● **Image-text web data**
###
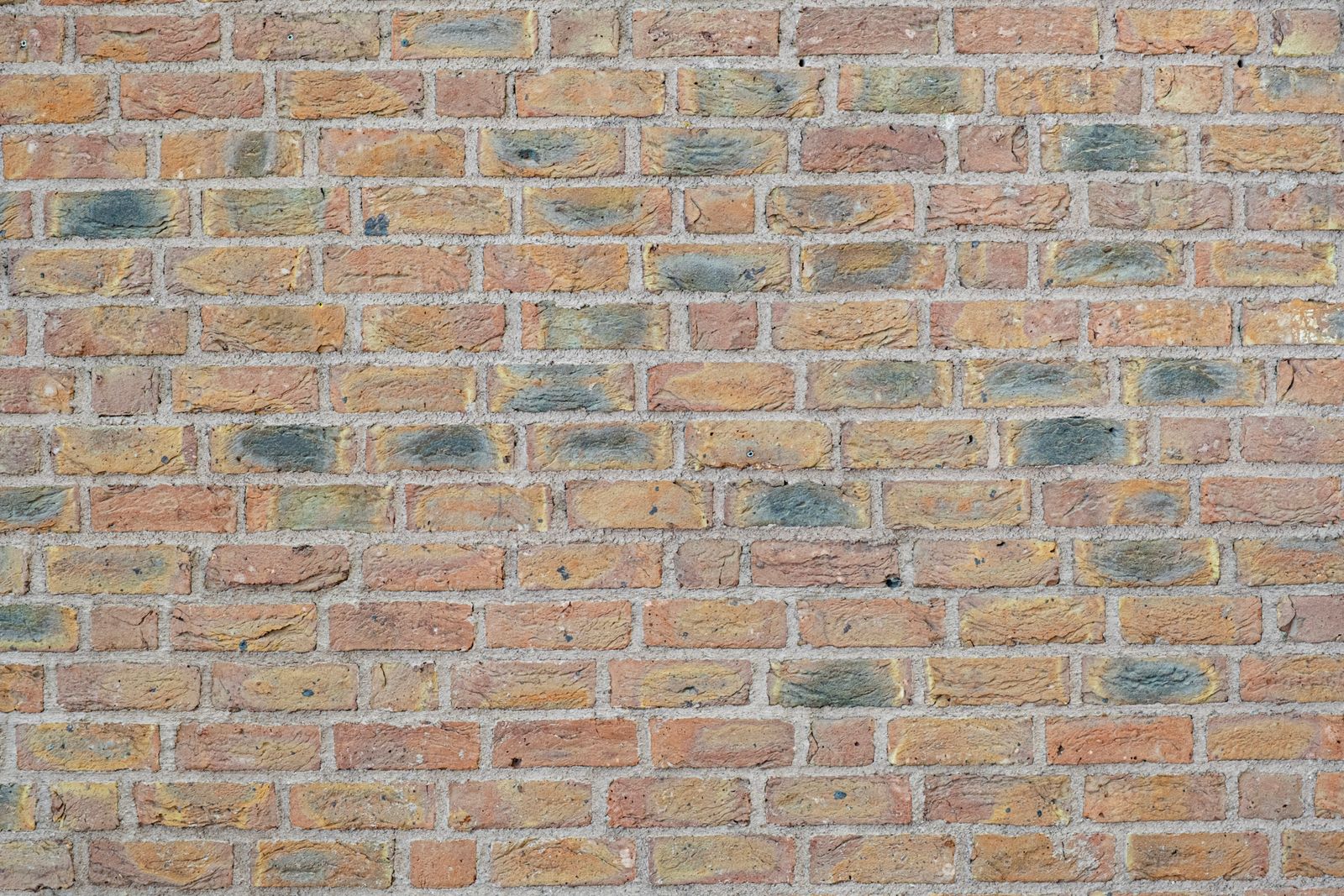 Murerarbejde med mursten og mørtel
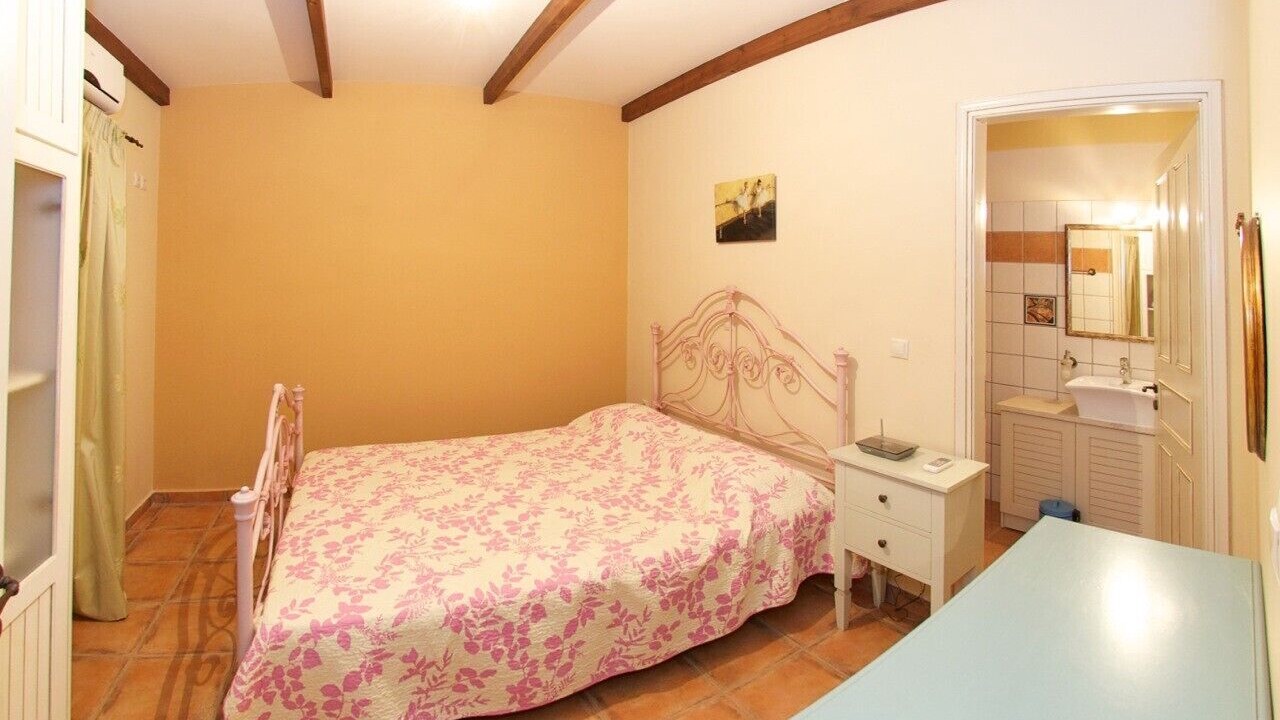 Photo of Bedroom in Kaligata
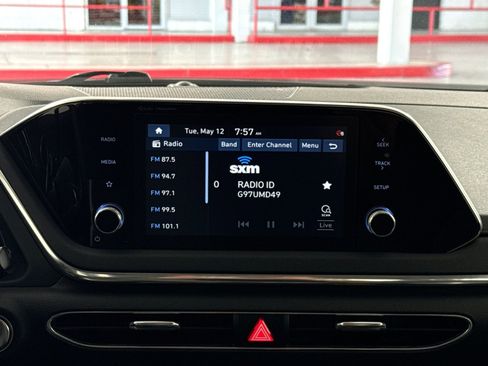 Used 2021 Hyundai Sonata Blue FWD image 18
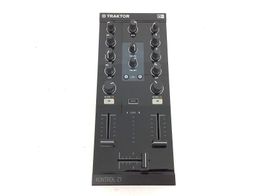 controlador native instruments traktor kontrol z1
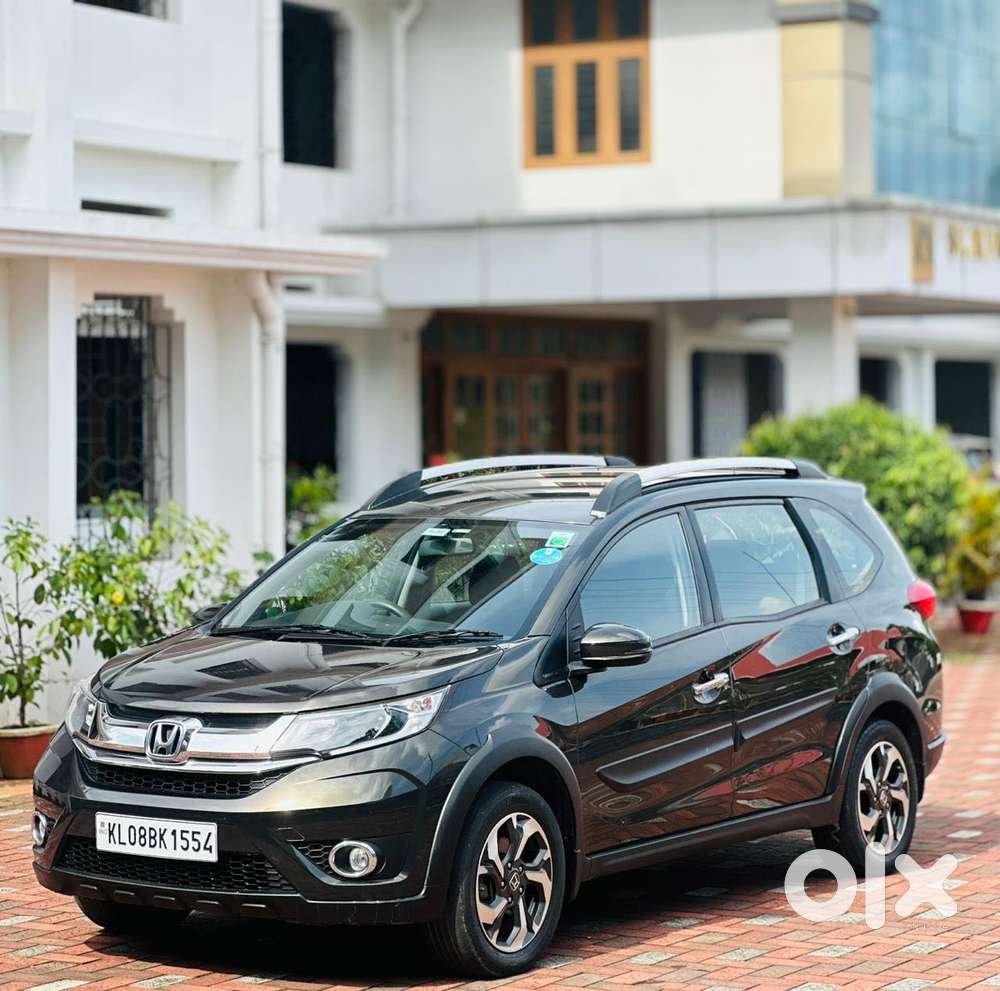 Honda Br-v Style Edition V Cvt, 2016, Petrol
###
● **What to produce**
The copy must start at the line containing "Used 2021 Hyundai Sonata Blue FWD image 18" and end at the last line of the data, matching each line exactly. It must hold no pictures.

● **Result of the task**
 Used 2021 Hyundai Sonata Blue FWD image 18
 controlador native instruments traktor kontrol z1
 Honda Br-v Style Edition V Cvt, 2016, Petrol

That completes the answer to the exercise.